Foraging behaviors such as those leading to spatial aggregation and decelerating functional responses play important roles in determining the presence and type of spatial patterns of abundance (Kareiva and Odell 1987; Turchin 1987; McCann et al. 2000). In this system, the persistence of spatial patterning is hypothesized to be enabled by the presence of interference or a decelerating functional response (Maron and Harrison 1997). The assumption of decelerating functional response is confirmed by our results. Large amounts of aggregation at a large spatial scale can lower the likelihood of spatial pattern emerging (McCann et al. 2000). However, as noted above, we cannot comment on whether the aggregation we observed over the small (individual lupine bush) scale would result at the larger (outbreak) scale. Previous experiments suggest that, at least for parasitism, there is no significant difference in parasitism levels inside the outbreak as compared to areas near the outbreak with low densities of O. vetusta (Brodman et al. 1997; Maron and Harrison 1997).

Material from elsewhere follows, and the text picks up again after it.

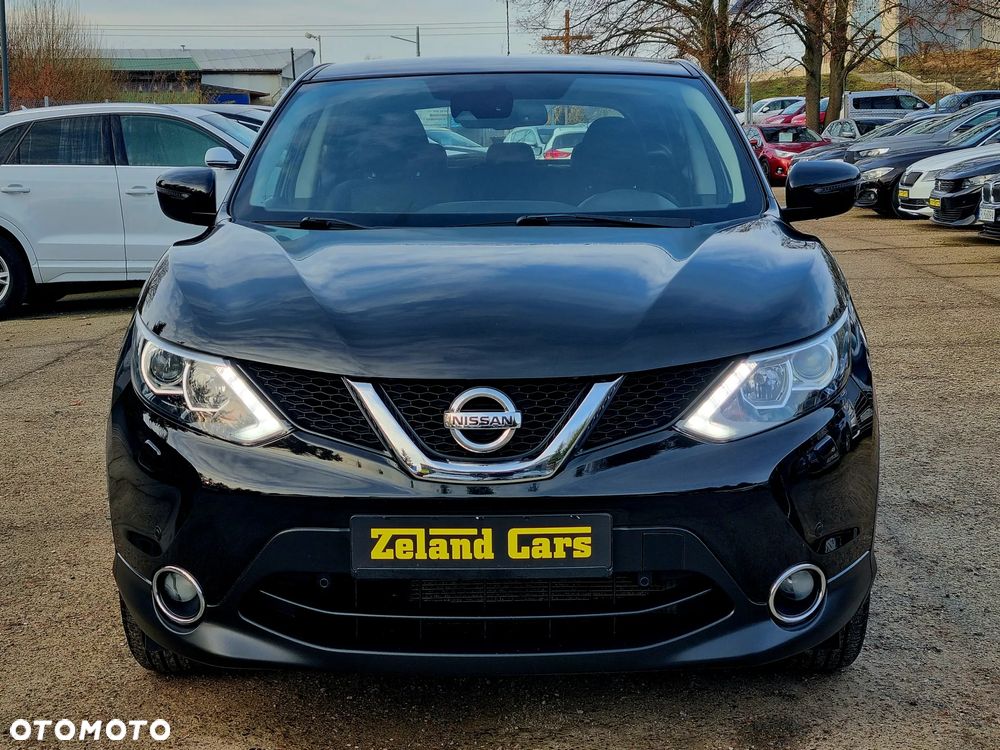 Nissan Qashqai 1.2 DIG-T Visia - 2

While many mathematical models of host-parasitoid dynamics have focused on the factors leading to stable dynamics, and the assumptions that allow for stability, the recent collapse of the outbreak at this site (Maron et al. 2001) and the presence of other outbreaks along the coast (Harrison 1997) suggest that the dynamics of O. vetusta are not stable. At BMR, overexploitation by T. similis appears, at least partly, to explain the collapse (Maron et al. 2001). The experiments here are at least suggestive that, despite the presence of strong density-dependent behaviors, the parasitism by T. similis will not lead to stable dynamics due to the counteracting effects of these behaviors.